Indonesia’s self-inflicted economic wounds multiply


Impressive figure: It’s great that Sri Mulyani says she’ll stay. Her public service, however, isn’t a Band-Aid for flawed policies. — Reuters

INDONESIA’S hard-won reputation for stability is under great strain. In the decades after a financial collapse re-ordered the way the country was run, economic decision-making has been fairly predictable and financial managers considered credible.

This has been a big plus for an emerging market that’s often buoyed by bullish projections about its future role in the global economy, but sometimes struggles to get out of its own way.

This durability is being tested. While Finance Minister Sri Mulyani Indrawati’s insistence on Tuesday that she wasn’t leaving was greeted with relief, not everything should rest on her shoulders. Quality ministers matter, but the underlying approach to budgets and interest rates, and the messages received by investors, matter more.

If calibrated correctly, policies ought to survive the personnel cycles that are a natural feature of governments everywhere.

Will Indonesia be that fortunate?

That Jakarta’s stock-market plunge – the main index was down 7% at one point on Tuesday – was attributed to speculation Sri Mulyani would depart wasn’t a promising sign.

It suggests weaknesses that require not just a steady hand, but a particularly adept sales executive who can help Indonesia raise funds in international markets.

Tackling outbreaks head-on

She has performed that role ably for much of the past decade, but problems have piled up that would test any cabinet pick: a surprising revenue shortfall, a weakening currency, questions about the central bank’s independence, and a decline in consumer prices.

Wrapped around these challenges is the troubling perception that President Prabowo Subianto is meddling in decisions once left safely to technocrats.

Sound fiscal policy has been a redeeming quality of recent Indonesian administrations; deficits are restricted by law to 3% of gross domestic product, and officials have taken care to stress prudence. There have, however, been some shocks.

Last week, the government revealed a rare deficit for the first two months of the year. Hardly a disaster, but context matters.

A long-planned hike in the value-added tax was recently gutted, a decision closely followed by a sudden drive to reduce spending.

Some belt-tightening is laudable, though the haphazard nature of decrees is worrying. The rupiah is Asia’s worst-performing currency this quarter.

Spending that hasn’t been chopped is for Prabowo’s pet projects, including free school lunches.

He wants the economy to grow much faster than the 5% logged over the past decade, and thinks fiscal policy has been too cautious.

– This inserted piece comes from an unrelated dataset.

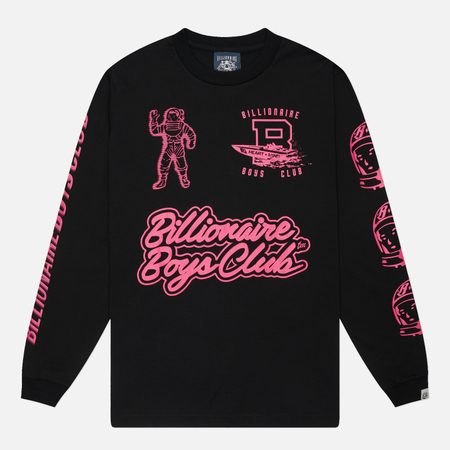 Мужской лонгслив Billionaire Boys Club Global Regatta Multi Print, цвет чёрный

But this is a global environment less benign than when the former general turned populist took office in October. World growth prospects appear weaker than even two months ago.

Once dismissed as unlikely, the prospect of a recession in the United States is now being taken seriously.

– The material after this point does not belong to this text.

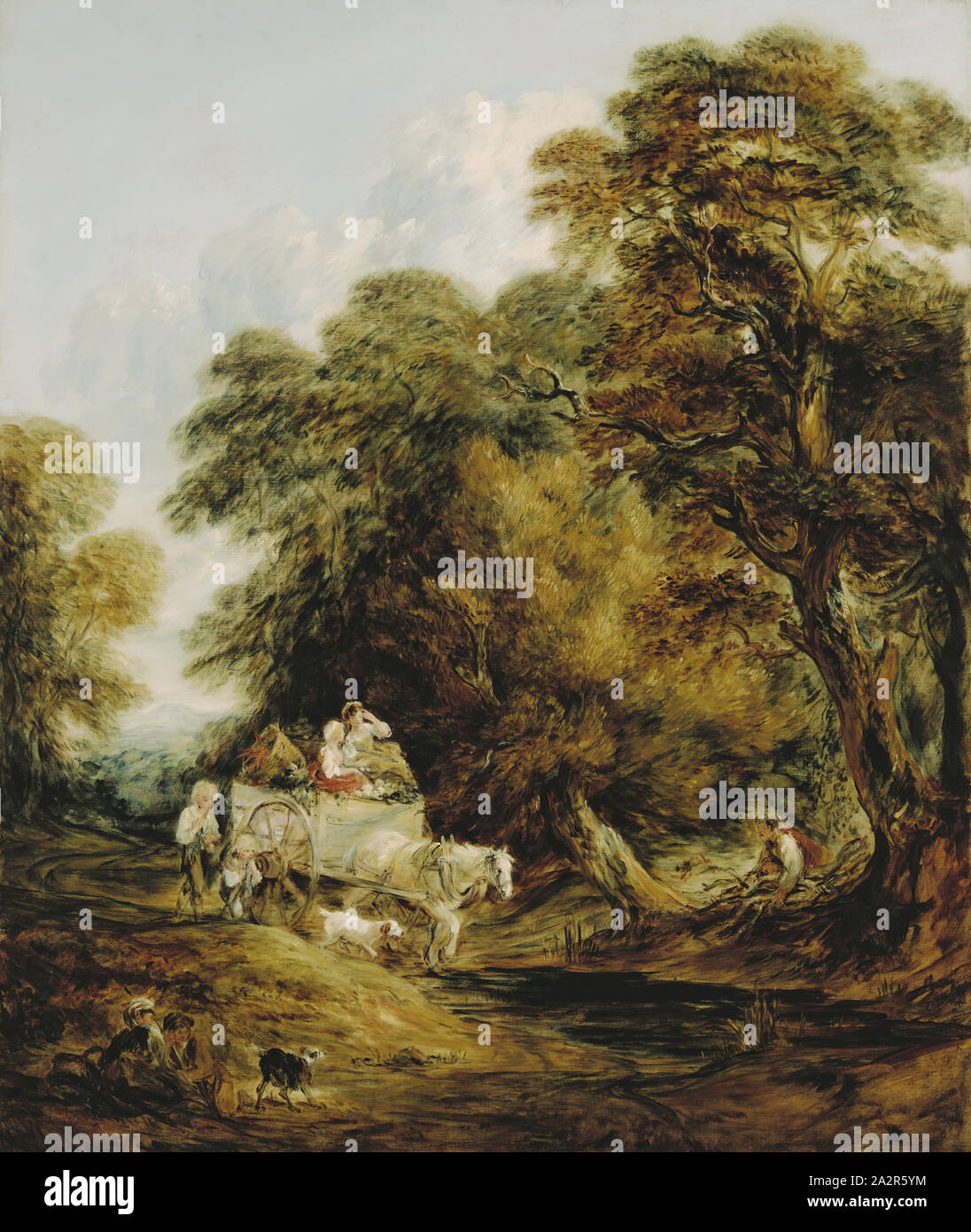 Thomas Gainsborough, Englisch, 1727-1788, der Markt Warenkorb, C. 1787, Öl auf Leinwand, ohne Rahmen: 51 1/4 x 42 1/2 Inches (130.2 × 108 cm Stockfoto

President Donald Trump’s threats of wide-ranging tariffs, and the on-again-off-again nature of their implementation is eroding confidence.

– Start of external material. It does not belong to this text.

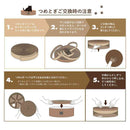 バリバリボウルXL 交換用つめとぎ 2個パック ライトブラウン メーカー直送▼返品・キャンセル不可【他商品との同時購入不可】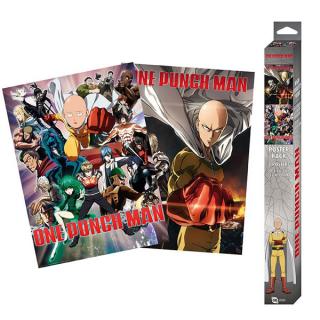 One-Punch Man Saitama and Genos Posters 2-Pack 52 x 38 cm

The disruptive shifts are also on display at Bank Indonesia (BI). After pledging to buttress the rupiah when setting rates, the central bank unexpectedly changed direction early this year and began cutting borrowing costs.

Surprises are rarely good in the monetary realm.

Indonesia’s dash for growth was odd, given the emphasis placed on currency stability and the need to intervene frequently to steady it.

The central bank kept its key rate unchanged on Wednesday, reflecting the expectations of most economists. To have made a reduction after this week’s tumult would have been truly astonishing.

Also distressing is BI’s apparent preparedness to entertain so-called debt monetisation, the use of the central bank’s resources to finance state spending.

This has usually been frowned upon because it blurs the distinction between fiscal and monetary settings – and exposes the bank to criticism that it’s subject to political pressure.

BI, remade in orthodox fashion under the guidance of the International Monetary Fund (IMF) after the Asian financial crisis, was wary of going down that route.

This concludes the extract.